Hvis Vesten ikke vil gribe ind, kan Ukraine lige så godt give op nu og skåne sin civilbefolkning for flere lidelser.

Is there a red line, Russia cannot cross before the West intervenes?
If the West does not want to intervene, Ukraine might as well give up now and spare its civilian population more suffering.
As the Russians relocate their troops, we have watched the results of the atrocities committed by the soldiers in Ukraine.
A man is intertwined in his bicycle. He must have been shot while biking down the street in his village.
A woman shares her story with a journalist.
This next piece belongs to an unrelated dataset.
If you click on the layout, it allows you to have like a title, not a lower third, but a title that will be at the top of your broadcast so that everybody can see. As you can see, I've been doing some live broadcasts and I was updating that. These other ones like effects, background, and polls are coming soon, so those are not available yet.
She had to bury her husband in her backyard. He had never held a gun in his life but the Russian soldiers dragged him out of their house and shot him.
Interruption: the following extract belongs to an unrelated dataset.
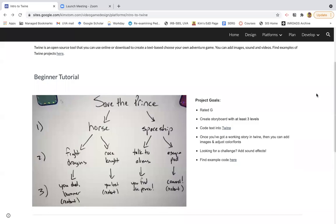Okay, this is going to be a beginner tutorial for starting with Twine.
A witness shares what he saw. Lines of cars trying to escape with signs taped to them – on the roofs, trunks, and on the sides of the cars. “Children,” the letters said in Cyrillic, clearly visible from the air and from the ground – bombed and left with the dead still trapped in the burned-out cars.
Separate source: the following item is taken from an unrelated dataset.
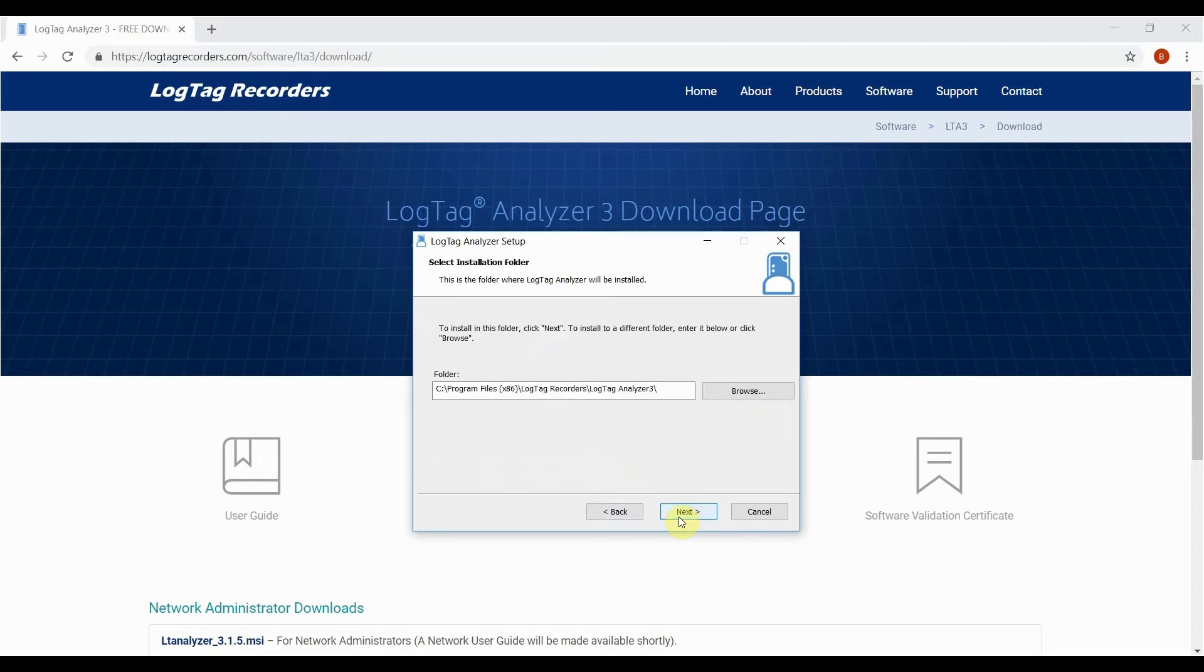Change where you want to install the software or leave it to install LogTag Analyzer to the default location and click next.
The TV screen shows Ukrainians lying in piles or in mass graves. In some places they are left in the street a few meters apart. Shot and then burned to hide what the Russians did to the Ukrainians. Some bodies have their hands tied behind their backs, some are shot from behind – deprived of life and a dignified burial.
Even in war, there are rules. They appear to have been violated again and again. Russia stubbornly denies this and says in claims the images are a setup with professional actors.
And then there is the disgusting weapon, the attempt to crack women and those who care about them. Rapes, some committed while children and men were forced to watch. Some women were barely left alive, while others were shot and burned.
Violence against women has always been used strategically in war – to break a population, to exercise power, to infiltrate ethnic populations with “foreign” blood when a baby gives off its first cry nine months later.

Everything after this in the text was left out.